The script prints $3^{12} = 531\,441$, confirms $7 = 1 + 2 \cdot 3$ paths per phone at $k = 3$ (so $25 = 1 + 2 \cdot 12$ per phone at $k = 12$), and prints $\lceil 3^{12} / 25 \rceil = 21\,258$ and $\lceil 3^{12} / 23 \rceil = 23\,107$.

Riddler Classic

There are $10$ pairs of cards arrayed face-down, $20$ cards total. A one-year-old child plays Concentration randomly: each turn, he flips two random face-down cards; if they match, they stay face up (and a sound plays), else they flip back down. Each flip takes $1$ second; matching or flipping back takes another $1$ second. How long does the game take on average?

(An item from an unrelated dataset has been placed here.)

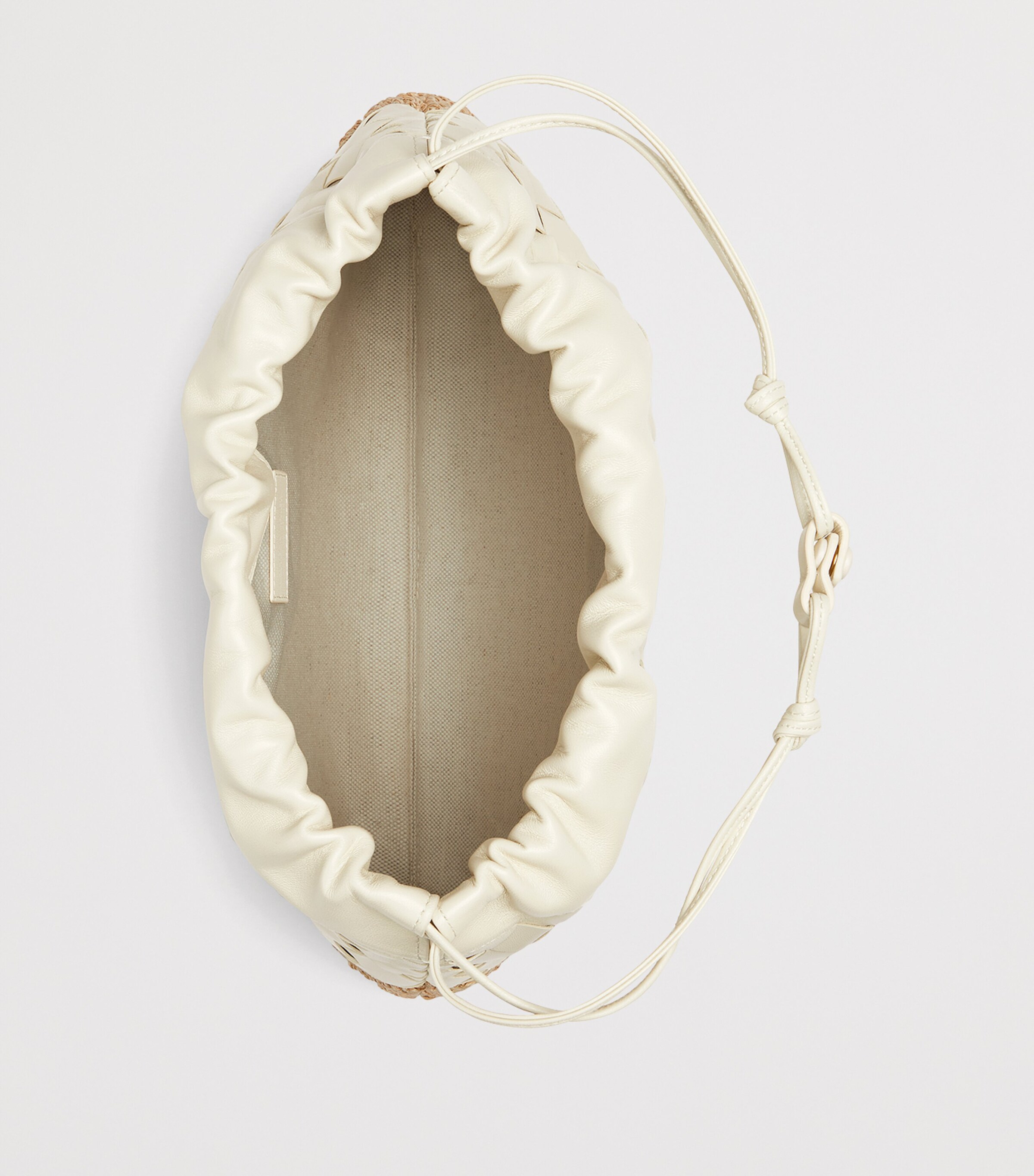 Bottega Veneta Medium Leather and Raffia Dustbag Clutch Bag Image 6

The Riddler, FiveThirtyEight, June 15, 2018(original post)

Solution

Suppose there are $i$ pairs still face-down (so $2i$ face-down cards). A turn takes $2$ seconds in total. The child picks the first card uniformly from the $2i$ face-down cards; the second card is uniform among the remaining $2i - 1$. Of those, exactly one is the match for the first card. So $$\Pr(\text{match} \mid i \text{ pairs face-down}) \;=\; \frac{1}{2i - 1}.$$ The child has no memory: he forgets which cards he just turned over. Let $T(i)$ be the expected total seconds from a state of $i$ pairs face-down. Then $$T(i) \;=\; 2 \;+\; \frac{1}{2i - 1} T(i - 1) \;+\; \left(1 - \frac{1}{2i - 1}\right) T(i),$$ with $T(0) = 0$. Multiplying through and tidying, $$\begin{aligned} \tfrac{1}{2i - 1} T(i) &\;=\; 2 + \tfrac{1}{2i - 1} T(i - 1) \\ \;\Longrightarrow\;\; T(i) &\;=\; (4i - 2) + T(i - 1). \end{aligned}$$ Iterating from $T(0) = 0$, $$T(i) \;=\; \sum_{k = 1}^{i} (4k - 2) \;=\; 4 \cdot \frac{i(i + 1)}{2} - 2i \;=\; 2 i^{2}.$$ For $i = 10$, $$\boxed{\;T(10) \;=\; 2 \cdot 100 \;=\; 200 \text{ seconds} \;=\; 3 \tfrac{1}{3} \text{ minutes.}\;}$$

The computation

Encode the actual game: simulate the toddler flipping two random face-down cards per turn, recording match probability and game length, and average over many trials.

1. Implement play(n_pairs) which steps through the game, returning total seconds.

2. Run $200\,000$ trials at $n = 10$ and average; cross-check the closed form $T(i) = 2 i^{2}$ for $i = 1, \ldots, 10$.

import random

def play(n_pairs, rng):
    """Toddler-mode Concentration on n_pairs pairs. Returns seconds."""
    facedown = list(range(n_pairs)) * 2  # each pair represented twice
    seconds = 0
    while facedown:
        a, b = rng.sample(range(len(facedown)), 2)
        seconds += 2
        if facedown[a] == facedown[b]:
            for idx in sorted((a, b), reverse=True):
                facedown.pop(idx)
    return seconds

rng = random.Random(0)
trials = 200_000
for n in (1, 2, 3, 5, 10):
    avg = sum(play(n, rng) for _ in range(trials)) / trials
    print(f"n_pairs={n:2d}: MC = {avg:7.2f}, formula 2n^2 = {2 * n * n}")

The script prints averages within $\pm 0.5$ seconds of $2, 8, 18, 50, 200$, confirming $T(i) = 2 i^{2}$ and the boxed value $T(10) = 200$ seconds.